Sir Ivan Rogers stepped down from his role of the UK's Ambassador to the EU, criticising the government's "muddled thinking" over Brexit, then resigned from the civil service altogether a few days later. His resignation letter is available here in full. What followed was seemingly much muddled thinking from both sides over what influence Rogers had over Brexit and whether or not this was a good thing. Rogers worked with Cameron to negotiate the "In" vote reform package, and apparently quit due to the Prime Minister and the wider governments stance of avoiding hard truths. Arch-Brexiteers hailed the development as a victory, seeing Rogers as a negative Nancy of sorts, whilst others spoke to his pragmatism and the need for realism in the Brexit process. I don't know anything about the guy, but the way the prominent charcters on both sides leapt to a particular narrative was interesting. Anyway, Rogers has now been replaced by ex-EU ambassador to Moscow and Western Europe Sir Tim Barrow, who is said by ministers to be a "pragmatic problem solver" who is prepared to give the "unvarnished truth" but also to offer solutions.
The only other marginally important thing that happened was Theresa May's interview on Sky News yesterday morning, in which we once again learned very little. John Rentoul ran with "How to use lots of words and say absolutely nothing, by Theresa May." Richard North, on the other hand picked up on some detail in the PM's words, in particular the line that she wanted "the best possible deal for trading with and operating within the Single European Market". Taking these words very literally, this seems like an admission that we are aiming to remain a full participant of the SM, whilst May has repeatedly inferred we will be exiting the customs union or will significantly change how we interact with it. This sounds very much like an EEA style route. The media for some reason is now utterly convinced that we are leaving the SM and that the government just won't admit it, the details of the PM's words however suggest otherwise.
This brings me onto a very interesting shift in the general Brexit-debate landscape. Ian Dunt, a writer at Politics.co.uk and a prolific Brexiteer antagoniser on Twitter wrote an article last week asking for remainers and Liberal Leavers to "bury the hatchet" and unite. The responses to the article, the tweet about it and his olive branch approach have been fascinating.

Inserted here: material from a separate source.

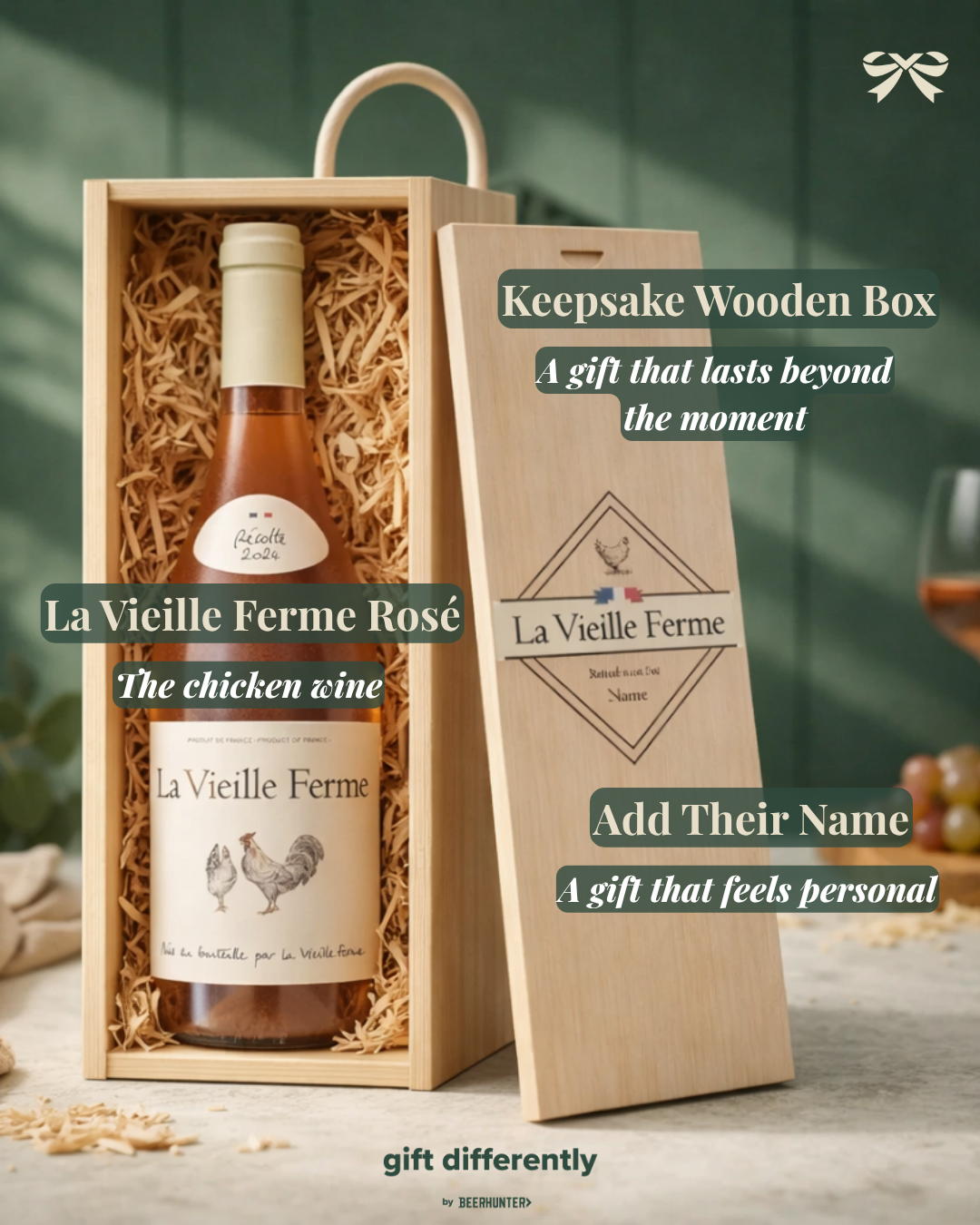 Personalised La Vieille Ferme Rose Wine Gift Set (75cl)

The issue is that many remainers are pretty much suggesting that the EEA/EFTA route is the best option because it would allow an easy re-entry back into the EU in the future, which is causing parts of the Leave base to double down and strengthen their position. Herein lies the issue, the remainers extending the olive branch appear to be hoping to use the Liberal Leavers - who are leavers first and foremost - as a way to stop Brexit entirely, and are not even being shy about it. As Ben Kelly puts it: "No one wants to accept an olive branch they will later be beaten with." Liam Blizard on the other hand, writes that there needs to be a compromise on both sides for this partnership to work.
This isn't happening just within the blogosphere. We now have prominent leave figures such as Michael Gove switching their position from being in favour of a transitional arrangement to being totally against it. Across the board, the sentiment of the public-eye leavers has noticably strengthened, as a reaction to the fear that any remain influence in the process is only to stop the process altogether. We saw this with the response to Sir Rogers' resignation.
It seems that the only way to reconcile this partnership of the moderates would be for the olive-branch remainers to fully accept that we will be leaving the EU and not trying to get back in, and for the Liberal Leavers to perhaps accept that something like the EEA/EFTA solution might be more like a final destination than originally hoped. If you don't find yourself in either of these camps though, which is most people, none of this would be acceptable. Blogger Another48percenter concludes that the partnership won't work simply because the good-willed overlap between both sides isn't big enough. In fact, it is probably getting smaller. Leavers are hardening their demands, and some remainers are begining to take the "if it's gonna blow up, let's make it blow up big" approach. It is unfortunately begining to feel as if the room for friendly and productive teamwork bewteen both sides is shrinking, which feels bad for everybody.
Anyway, it's less than 3 months until A50 is meant to be triggered. Between now and then, anything could happen.